Welcome to Songs, Stories, and Spirits. We’ll be jamming unwanted opinions on good music, good stories, and good booze down your ears, eyes, and throats on a weekly basis. We hope you enjoy. And if you don’t, there is a comment section below that we more than welcome you to ignore! Cheers!
Song: “L.A. Looks” by Health
Robert Masiello: Health’s music is typically dark, noisy, powerful, and a little abrasive. This cut off the band’s recent LP is all of those things, but also happens to be catchy as hell. “L.A. Looks” charges out of the gate with screeching synths and a furious beat. It's easily the most "pop" moment in Health’s catalog, but also the most irresistible. The vocals might be a little Chester Bennington-y, but the chorus ("it's not love, but I still want you") is exactly the kind of salacious, no-fucks-given refrain your Friday afternoon needs.
Story: “Parliament Hill” by Alexander Brown
Daniel Ford: From Los Angles to Canada! Alexander Brown, managing editor of Tracer Publishing, published a short story with Writer’s Bone entitled “Toronto, October” in June, and has since become part of our merry band of literary luminaries.
Brown recently published “Parliament Hill,” which is a “gonzo-ish dark comedy on the relative horrors of this Canadian election.” If anything deserves to be read with a drink in hand, it’s a story about Canadian politics.
Enjoy the excerpt, published with permission from Brown, and then head over to Tracer to finish the tale.
The man in the mirror was looking back at him as he rehearsed the lines he knew so well. The practice was a mere formality. But this was his craft. He loved it; he was married to it. It had been predetermined, of course. His fate was never his own. But Jordan could still enjoy himself.
“So I call on you, the Middle Class. Keep rising up! Be heard! Take to the streets! This election is about you, and for too long, the Prime Minister has put himself and the interests of his party ahead of—”
The bus caught a pothole on the Highway of Heroes and he braced himself on the plastic counter of the bathroom. The air was thick with bleach and asparagus-scented urine. He steadied himself and straightened his purple tie. He couldn’t remember the last time he was allowed to wear another colour around his neck. His father had worn the same noose. His father had no choice either.
The man in the mirror was smiling now, studying every inch and curve of his handsome, middle-aged face. His eyes were dark and knowing, his lips forever creased into an empathetic half-smile. Atop his head rested a luscious crop of dark, wavy hair.
“Perfect,” he whispered to no one but the universe.
He adjusted the family noose and stepped back out into a sea of purple.
Read the rest of the story on Tracer Publishing.
Spirit: In a Manhattan State of Mind
Daniel: When my grandmother on my father’s side was alive, she’d love to tell me stories about living in New York City during World War II. There’s the one when my grandfather’s father took her out one night while my grandfather was overseas, and then everyone assumed she had a sugar daddy on the side.

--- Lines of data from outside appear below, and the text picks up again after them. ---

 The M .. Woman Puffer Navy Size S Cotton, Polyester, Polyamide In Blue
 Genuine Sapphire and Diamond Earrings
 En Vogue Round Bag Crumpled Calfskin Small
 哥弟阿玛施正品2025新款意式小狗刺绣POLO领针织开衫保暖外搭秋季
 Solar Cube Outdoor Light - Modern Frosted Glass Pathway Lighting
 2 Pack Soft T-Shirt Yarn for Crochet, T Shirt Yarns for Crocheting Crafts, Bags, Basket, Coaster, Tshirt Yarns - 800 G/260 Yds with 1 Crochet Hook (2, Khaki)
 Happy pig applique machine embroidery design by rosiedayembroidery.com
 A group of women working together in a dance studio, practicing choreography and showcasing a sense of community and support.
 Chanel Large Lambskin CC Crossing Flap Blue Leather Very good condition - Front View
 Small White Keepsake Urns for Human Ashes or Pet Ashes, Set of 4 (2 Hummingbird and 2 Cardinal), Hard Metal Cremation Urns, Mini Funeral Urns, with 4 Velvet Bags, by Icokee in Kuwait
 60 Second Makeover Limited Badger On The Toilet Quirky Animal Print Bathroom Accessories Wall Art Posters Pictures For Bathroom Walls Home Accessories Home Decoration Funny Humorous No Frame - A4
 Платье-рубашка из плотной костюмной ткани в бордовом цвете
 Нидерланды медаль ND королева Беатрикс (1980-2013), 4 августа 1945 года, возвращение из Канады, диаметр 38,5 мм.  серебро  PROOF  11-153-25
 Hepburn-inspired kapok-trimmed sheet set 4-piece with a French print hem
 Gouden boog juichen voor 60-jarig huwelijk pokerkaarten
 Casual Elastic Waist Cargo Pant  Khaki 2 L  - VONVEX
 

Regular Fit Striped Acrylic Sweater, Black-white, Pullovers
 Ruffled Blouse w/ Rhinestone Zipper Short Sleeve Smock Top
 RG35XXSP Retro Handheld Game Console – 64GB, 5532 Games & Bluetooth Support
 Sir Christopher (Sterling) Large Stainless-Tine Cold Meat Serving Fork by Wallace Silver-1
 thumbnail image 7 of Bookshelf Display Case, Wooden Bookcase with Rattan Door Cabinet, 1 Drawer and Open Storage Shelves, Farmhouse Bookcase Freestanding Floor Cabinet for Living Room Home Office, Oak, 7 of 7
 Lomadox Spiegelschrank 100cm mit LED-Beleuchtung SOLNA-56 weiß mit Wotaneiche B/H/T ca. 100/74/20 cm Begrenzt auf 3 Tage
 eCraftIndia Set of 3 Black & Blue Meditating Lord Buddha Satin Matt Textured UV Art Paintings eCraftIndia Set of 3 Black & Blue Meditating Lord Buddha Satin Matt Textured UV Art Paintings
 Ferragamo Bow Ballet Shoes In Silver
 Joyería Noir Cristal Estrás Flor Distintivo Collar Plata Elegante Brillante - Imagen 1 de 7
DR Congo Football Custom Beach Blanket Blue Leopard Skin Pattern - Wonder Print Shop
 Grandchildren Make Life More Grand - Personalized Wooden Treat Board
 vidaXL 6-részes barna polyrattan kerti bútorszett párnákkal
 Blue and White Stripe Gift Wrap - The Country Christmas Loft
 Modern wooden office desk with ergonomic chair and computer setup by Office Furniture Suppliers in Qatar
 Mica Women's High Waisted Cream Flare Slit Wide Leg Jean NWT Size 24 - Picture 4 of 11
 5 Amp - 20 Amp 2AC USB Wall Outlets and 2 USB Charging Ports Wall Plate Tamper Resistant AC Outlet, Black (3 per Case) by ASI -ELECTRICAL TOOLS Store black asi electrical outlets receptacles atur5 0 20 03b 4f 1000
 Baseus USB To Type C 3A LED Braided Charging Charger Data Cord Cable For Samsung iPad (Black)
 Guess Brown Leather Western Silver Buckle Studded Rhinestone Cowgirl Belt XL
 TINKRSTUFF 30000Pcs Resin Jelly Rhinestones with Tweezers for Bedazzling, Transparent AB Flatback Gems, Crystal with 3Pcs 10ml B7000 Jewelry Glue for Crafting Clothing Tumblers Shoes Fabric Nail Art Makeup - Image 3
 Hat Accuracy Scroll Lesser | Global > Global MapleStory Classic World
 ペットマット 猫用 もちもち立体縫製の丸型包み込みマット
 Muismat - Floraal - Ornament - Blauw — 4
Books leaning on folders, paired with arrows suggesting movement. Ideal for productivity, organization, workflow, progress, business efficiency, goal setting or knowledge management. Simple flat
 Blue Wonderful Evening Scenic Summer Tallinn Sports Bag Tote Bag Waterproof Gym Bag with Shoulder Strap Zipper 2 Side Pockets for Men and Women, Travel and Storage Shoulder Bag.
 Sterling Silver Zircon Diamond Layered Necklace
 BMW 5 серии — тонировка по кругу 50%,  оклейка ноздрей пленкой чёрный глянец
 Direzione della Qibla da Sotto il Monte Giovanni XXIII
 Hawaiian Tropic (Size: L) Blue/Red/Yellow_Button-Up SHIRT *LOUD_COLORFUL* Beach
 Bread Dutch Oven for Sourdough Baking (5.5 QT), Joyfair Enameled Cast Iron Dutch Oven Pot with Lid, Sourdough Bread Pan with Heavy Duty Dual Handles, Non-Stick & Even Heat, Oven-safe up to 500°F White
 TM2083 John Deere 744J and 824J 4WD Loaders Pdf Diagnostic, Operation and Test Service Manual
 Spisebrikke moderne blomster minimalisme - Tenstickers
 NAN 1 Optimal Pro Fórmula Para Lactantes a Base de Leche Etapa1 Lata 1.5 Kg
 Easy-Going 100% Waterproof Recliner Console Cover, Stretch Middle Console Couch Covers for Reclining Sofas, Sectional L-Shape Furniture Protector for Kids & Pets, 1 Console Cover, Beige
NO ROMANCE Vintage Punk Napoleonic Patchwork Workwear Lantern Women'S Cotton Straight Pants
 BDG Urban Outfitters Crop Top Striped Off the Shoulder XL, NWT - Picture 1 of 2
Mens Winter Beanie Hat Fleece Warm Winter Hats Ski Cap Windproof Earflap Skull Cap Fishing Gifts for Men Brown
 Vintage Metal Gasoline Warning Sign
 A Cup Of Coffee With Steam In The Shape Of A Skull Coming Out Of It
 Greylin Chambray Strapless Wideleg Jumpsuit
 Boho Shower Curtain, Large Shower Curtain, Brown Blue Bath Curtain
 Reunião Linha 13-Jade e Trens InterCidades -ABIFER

One of her favorites was the time she told one of her employees that she couldn’t let her take time off to go see Frank Sinatra. The woman threatened to quit, at which point my grandmother begrudgingly acquiesced. I mean, you really can’t argue with Francis Albert Sinatra, right?
My grandmother and her friends also used to bar hop around the city. And it was far classier than the barhopping that I did in Manhattan. The hotels at that time were the best places to drink, so my grandmother and her friends would dress to the nines and dance across the island’s finest establishments.
Fifty years later, my grandmother tapped her foot to my high school jazz band performance of “String of Pearls” or “In the Mood” and reminisced about her New York youth. She’d end up telling all her old stories (despite giving my grandfather a hard time about regaling us with his war stories), and say, “I used to really enjoy a good Manhattan.” I asked my father about it recently and he said, “Yeah, she could knock them down pretty well.”
Truth be told, I’ve never had a Manhattan. I’m assuming that a drink comprised entirely of whiskey and vermouth can’t be bad. Plus, in the spirit of promoting our neighbor’s to the north, it can also be made with Canadian whiskey (Ha! No, I’m just kidding. Use real American whiskey). This Friday, put on a Glenn Miller album, pour yourself a tall Manhattan, and toast to a more civilized era.